The parameters of the electric field, such as voltage, pulse duration, and pulse number, are crucial factors in determining the efficiency and safety of electroporation. Optimizing these parameters is essential for achieving successful delivery of molecules into the target cells while minimizing cell damage.
Electroporation is a versatile and powerful technique widely used in biological research and various biotechnological applications, including gene therapy, CRISPR-Cas9 genome editing, and the development of genetically modified organisms.
Applications of Electroporation
Some major applications of electroporation are:
- Electroporation is widely used in the transformation of bacterial cells to make them competent and capable of taking up foreign DNA for various purposes like recombinant protein production, cloning, and other biotechnological applications.
- Electroporation is also used in transfection. Similar to bacterial transformation, electroporation allows the manipulation of eukaryotic cells by engineering their genetic material.
- Electroporation is widely used in genetic engineering to introduce foreign DNA into cells. For example, it can be used for the transformation of plant cells, allowing the introduction of foreign DNA into plants for crop improvement.
- Electroporation can be used for delivering drugs and vaccines. It allows the delivery of large substances that cannot easily cross the skin. DNA vaccines against various diseases, such as plague, and SARS-CoV-2, have also been developed using electroporation as a delivery method.
- Electroporation is also used in gene therapy to deliver modified or additional genetic material.

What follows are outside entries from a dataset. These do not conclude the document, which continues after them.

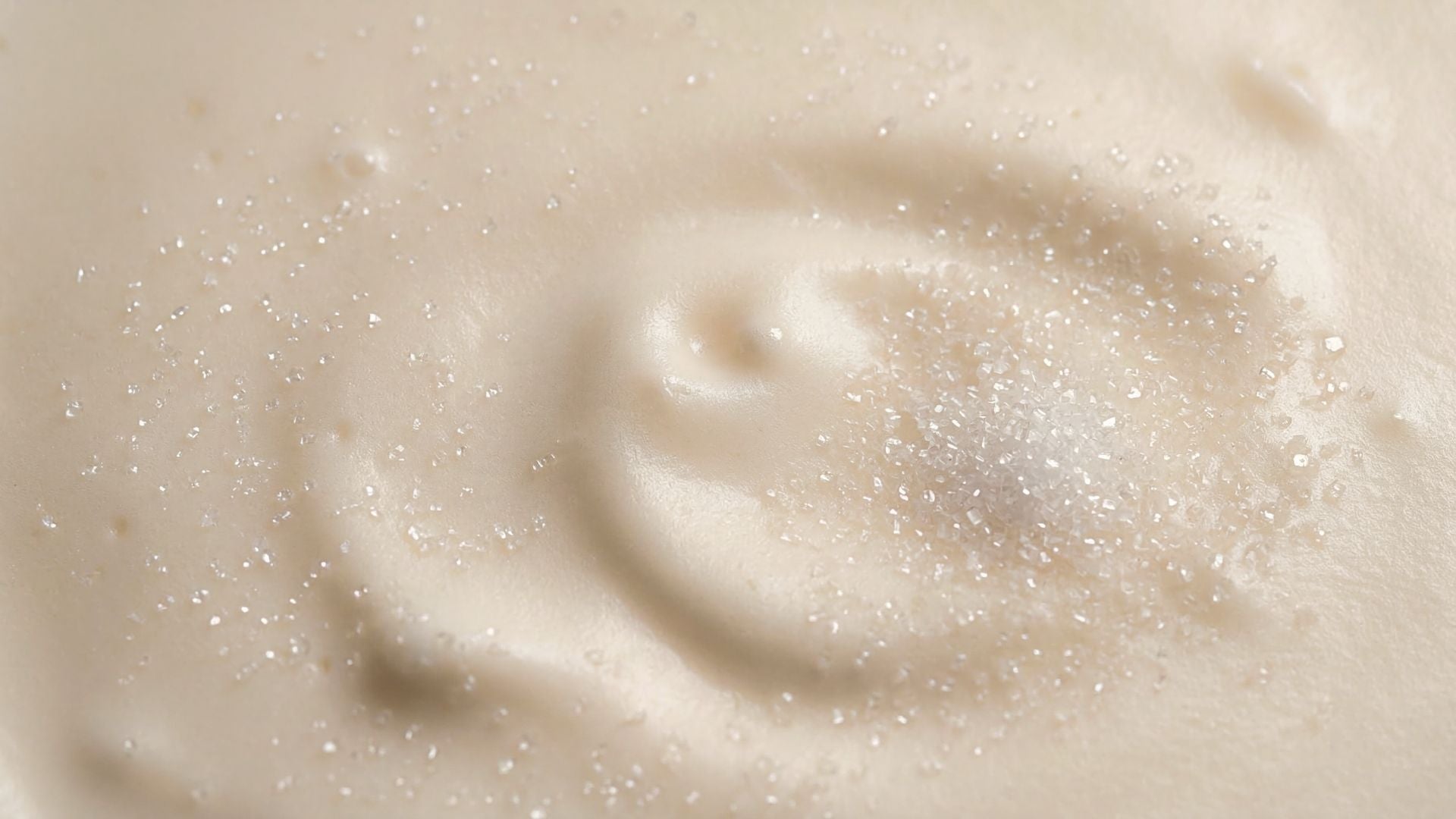 Close-up of a creamy texture of Crema Catalan with sugar crystals 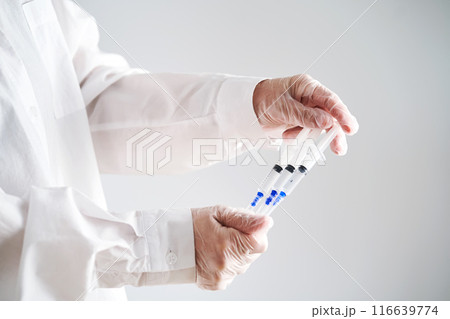 The doctor's hands in a white coat and gloves hold three syringes with medicine. 116639774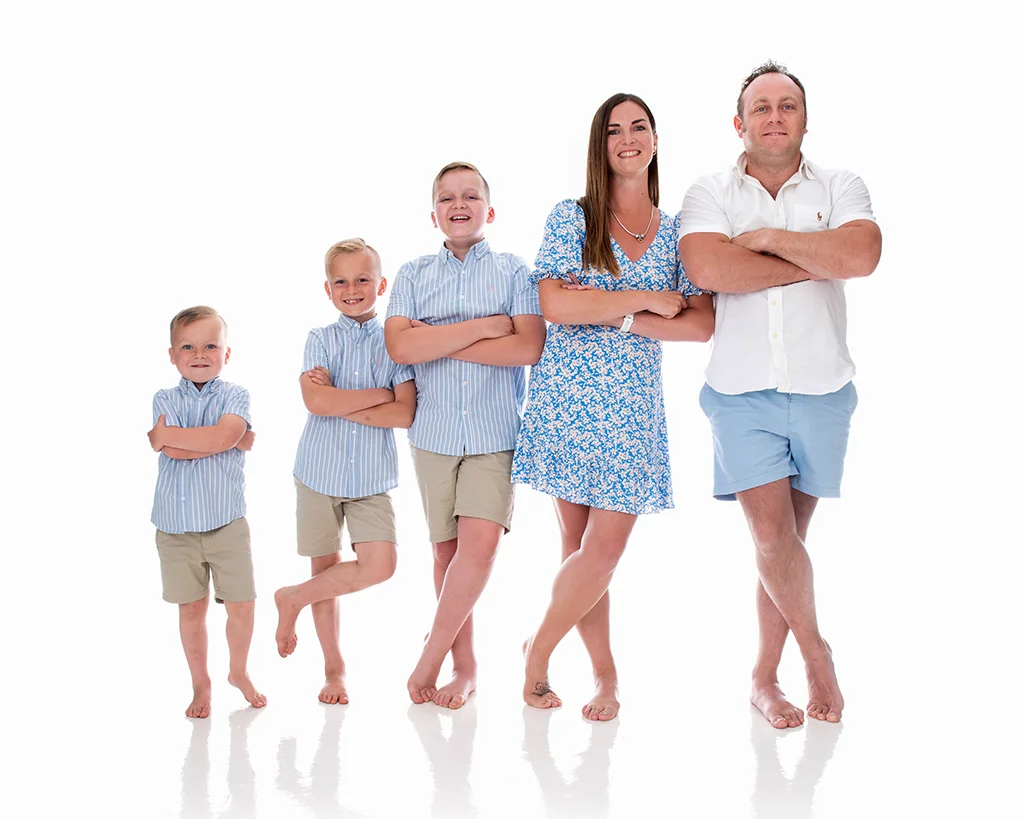 Mum and dad with their three sons stand leading on each other in a completely white room. The boy wear blue shirts and khaki short, the mum a blue summer dress and the dad a white shirt and pale blue shorts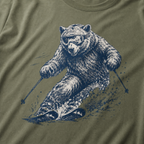 Close-up of a moss green t-shirt with a dynamic bear skier graphic showing the bear carving through snow with goggles and ski poles.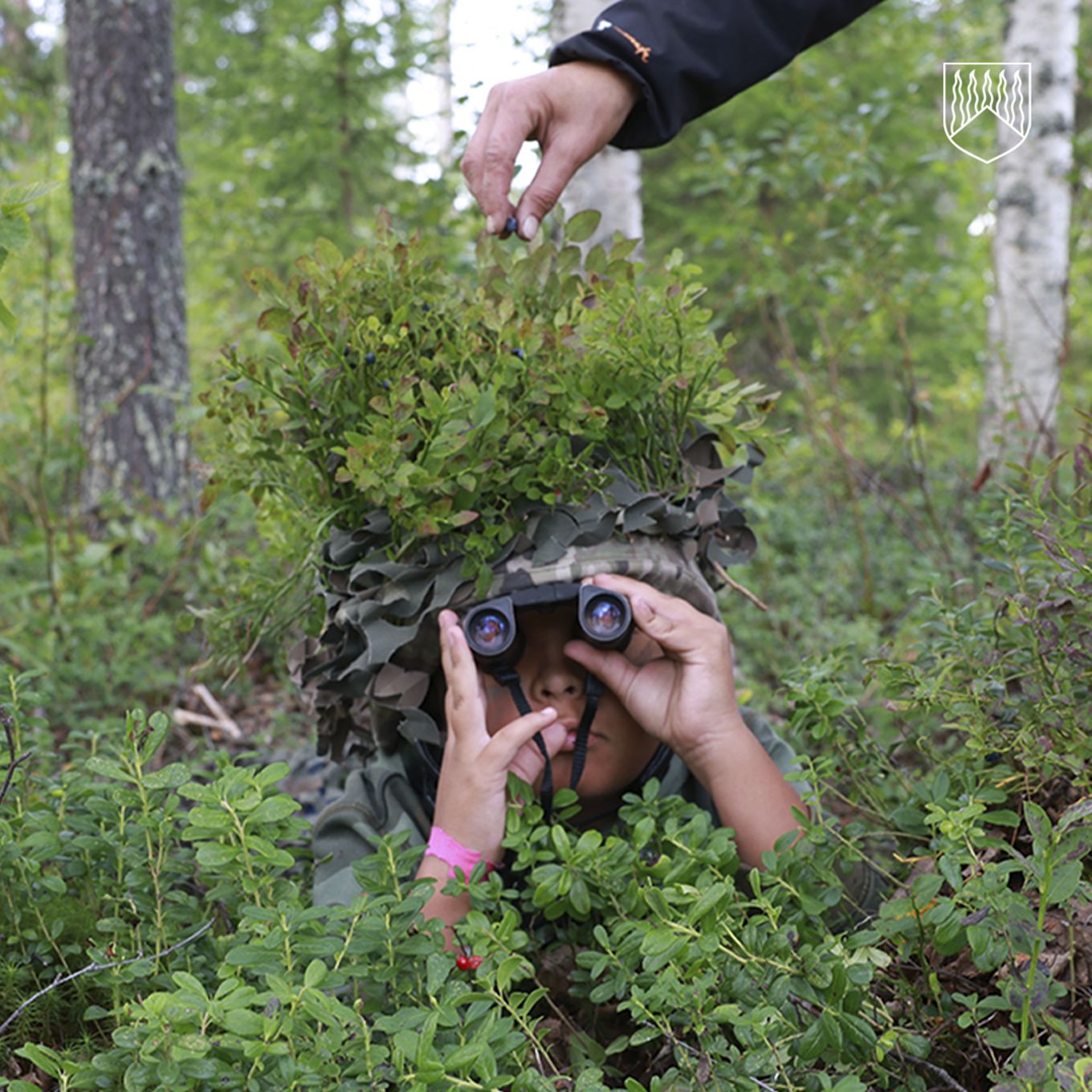 Kuvassa poika maastoutuneena metsään.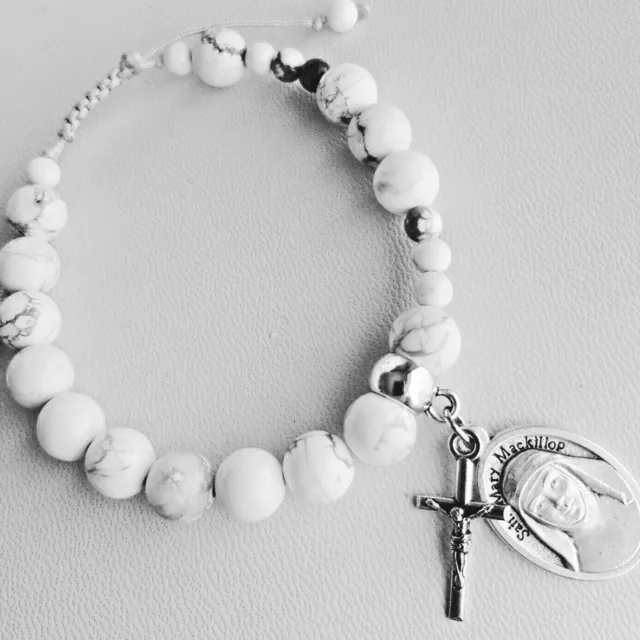 White howlite Rosary bracelet with choice of Catholic saint and crucifix.
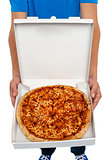 A picture of an  open pizza box.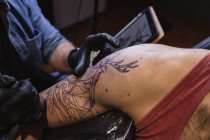 Мастер делает татуировку на предплечье клиента-мужчины — стоковое фото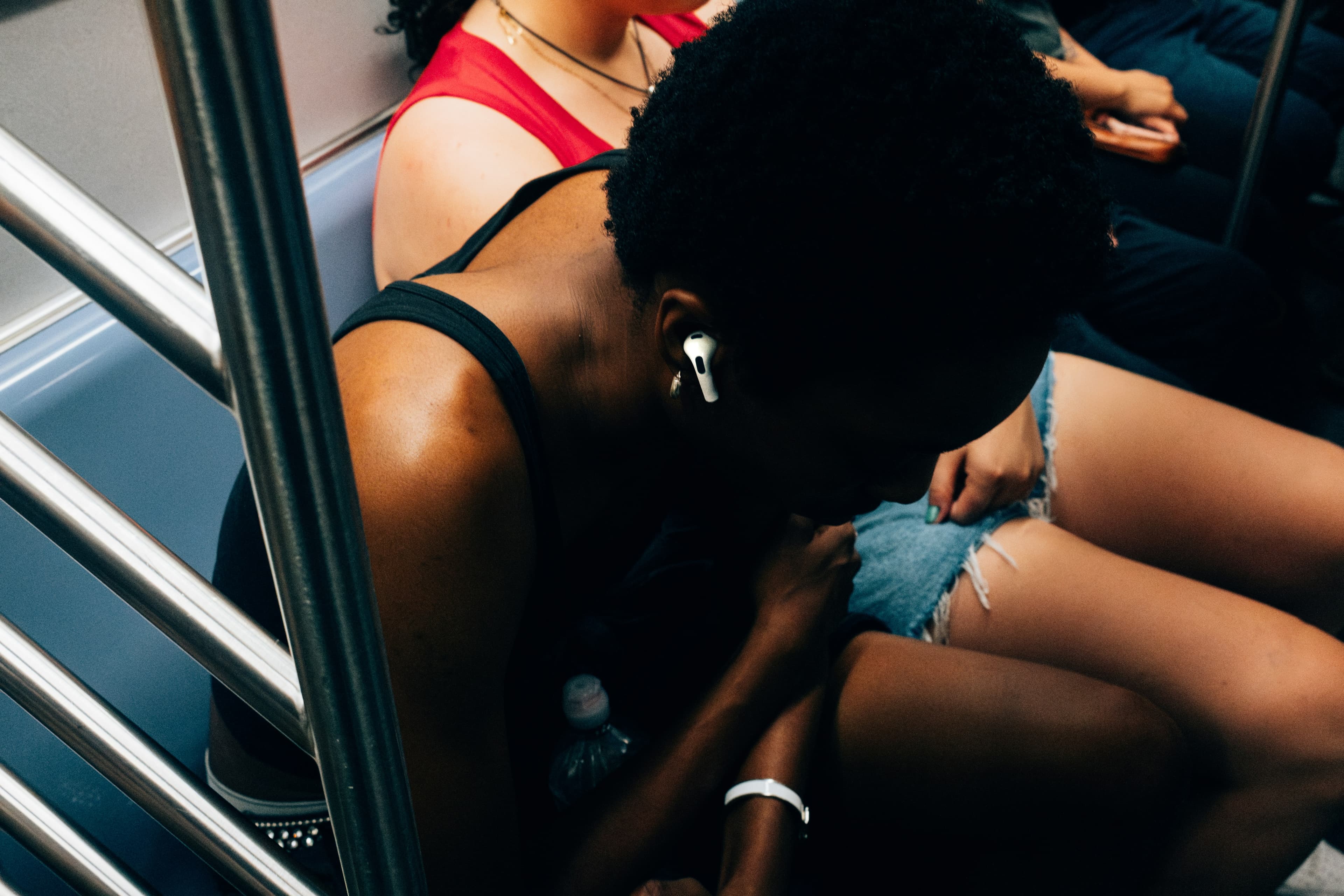 Persona con AirPods mirando el móvil en un espacio público, rodeada de gente pero aislada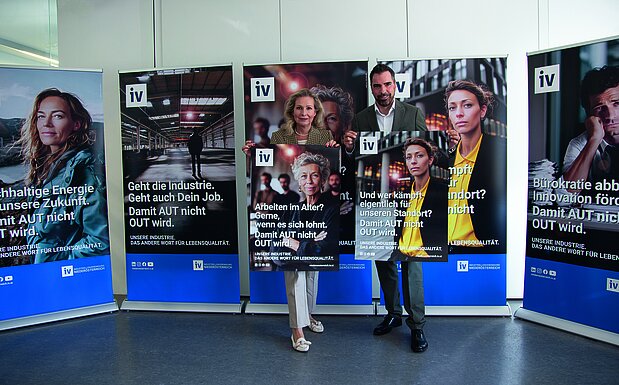 Zwei Personen, IV-NÖ-Geschäftsführerin Michaela Roither (links) und IV-NÖ-Präsident Kari Ochsner (rechts) stehen vor fünf aufgestellten Roll-Ups mit Botschaften der IV-Kampagne „Damit AUT nicht OUT wird“; sie halten jeweils ein Plakat mit Kampagnensujet in den Händen. Die Plakate zeigen unterschiedliche gesellschaftliche und wirtschaftliche Themen rund um Industrie, Arbeit und Standortpolitik.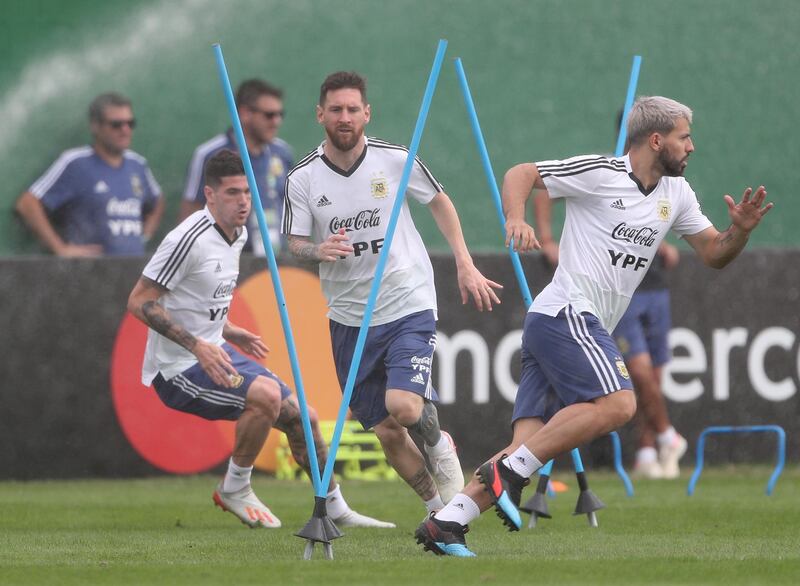 Messi and teammates during training. Reuters
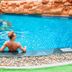 Centara Pattaya Hotel in Pattaya: guest relaxing in a turquoise outdoor pool with rock waterfall backdrop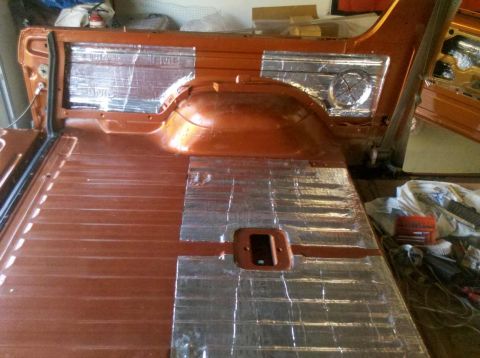 1982 Ford Bronco - Sound deadening material applied to the interior floor and wheel wells of a vehicle during a rebuild.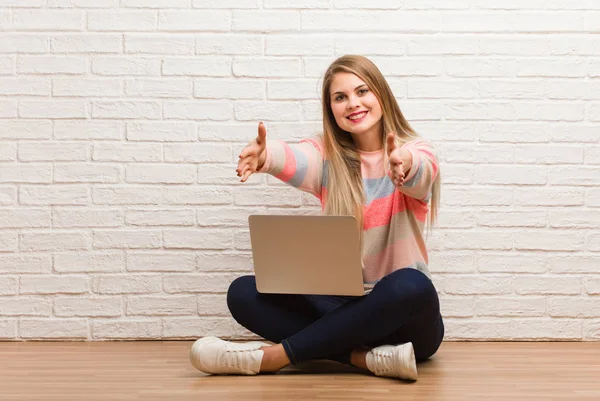 Genç Rus öğrenci çok mutlu bir şekilde oturuyor ve ön tarafa sarılıyor.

- Irreversible electroporation is used in the treatment of cancer. This method uses high-voltage electric pulses to cause permanent damage and cell death in tumors.
Yeast Transformation Electroporation
Advantages of Electroporation
- Electroporation is a versatile method that can be used in various cell types, including bacteria, yeast, plant cells, and mammalian cells.
- Electroporation can be used to deliver genetic material into cells that are difficult to transfect.
- Electroporation provides consistent and reproducible results.
- Electroporation does not require the use of vectors for gene transfer. It is a safe and non-toxic method.
Disadvantages of Electroporation
- High-voltage electric pulses used in electroporation can cause cell damage or cell death if the parameters are not optimized.
- Electroporation requires specialized equipment, including an electroporator, cuvettes, and appropriate voltage settings.
- Electroporation may lead to variable transfection efficiency. Some cells may take up the introduced molecules more efficiently than others.
- Very large DNA fragments or complex structures may not be efficiently delivered into the cells.
- Cells are delicate following electroporation and must be treated carefully during recovery to avoid cell death.